Conscious of the developing narrative, the trust asked NHS England to commission an independent review of the issues raised last year, and Niche Consulting were appointed in November. Some initial investigations and meetings have taken place since then, but the review’s terms of reference have still to be ironed out.

While attempting to quantify the scale of the patient harm that was caused, the review should also be expected to address Mr Duffy’s wider claims around governance and culture. UHMB’s leadership past and present has won plaudits for the way it handled the aftermath of the maternity scandal, including a “good” leadership rating from the Care Quality Commission since early 2017.

But Mr Duffy’s book would have made difficult reading for the trust’s current board, as well as high-profile leaders who have since moved on.

Mr Duffy suggests Pearse Butler, who now chairs Blackpool Teaching Hospitals FT, and Dame Jackie Daniel, now chief executive of Newcastle’s acute provider, were both unresponsive when he reached out to them directly, while David Walker, now group medical director for three trusts in Essex, is accused of being part of the effort to damage his reputation.

Without hearing from them, it’s difficult to assess the extent to which they could have done more, or should have acted differently. Mr Butler and Dame Jackie did not want to comment for this article, while Mr Walker’s new employers did not respond. But the Niche review will hopefully help answer those questions. If it doesn’t, Mr Duffy is unlikely to let things lie.

ST Progress

Things finally seem to be nudging along for the Cheshire and Merseyside Sustainability and Transformation Partnership, with the first big decision by new chair Alan Yates looking a good one.

Jackie Bene, the highly rated chief executive of Bolton Foundation Trust, has been recruited as the new chief officer.

She is set to leave Bolton at the end of March so, although the STP role is just three days a week, she will surely be able to devote more time and attention to it than was possible for Mel Pickup, who was doing the role in parallel to leading Warrington and Halton Hospitals FT.

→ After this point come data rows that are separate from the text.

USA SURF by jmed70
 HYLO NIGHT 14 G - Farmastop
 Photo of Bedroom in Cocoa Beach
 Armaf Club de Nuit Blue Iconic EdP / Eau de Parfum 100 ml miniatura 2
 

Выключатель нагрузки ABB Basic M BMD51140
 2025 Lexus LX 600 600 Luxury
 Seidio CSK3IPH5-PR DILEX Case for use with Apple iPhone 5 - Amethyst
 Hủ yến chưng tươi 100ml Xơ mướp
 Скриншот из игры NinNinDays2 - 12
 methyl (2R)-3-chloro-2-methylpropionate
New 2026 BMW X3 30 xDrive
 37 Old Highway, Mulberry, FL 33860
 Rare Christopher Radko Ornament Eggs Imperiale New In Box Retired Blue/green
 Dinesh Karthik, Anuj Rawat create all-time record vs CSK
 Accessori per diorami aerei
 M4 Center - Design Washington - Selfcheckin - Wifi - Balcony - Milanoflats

Meanwhile, the long-awaited merger of the clinical commissioning groups for Liverpool, South Sefton, Southport and Formby, and Knowsley is formally back on, with a single accountable officer expected to be appointed later this year, followed by an organisational merger in April 2021.

The inclusion of Knowsley is unstraightforward, as it will leave St Helens and Knowsley Teaching Hospitals Trust still spread over two CCGs. St Helens is more distinct from Liverpool and its CCG already in quite an advanced level of integration with the local authority, but the trust’s main hospital site, Whiston, sits just within the boundary of Knowsley. Perhaps they can persuade the councils to change their boundaries?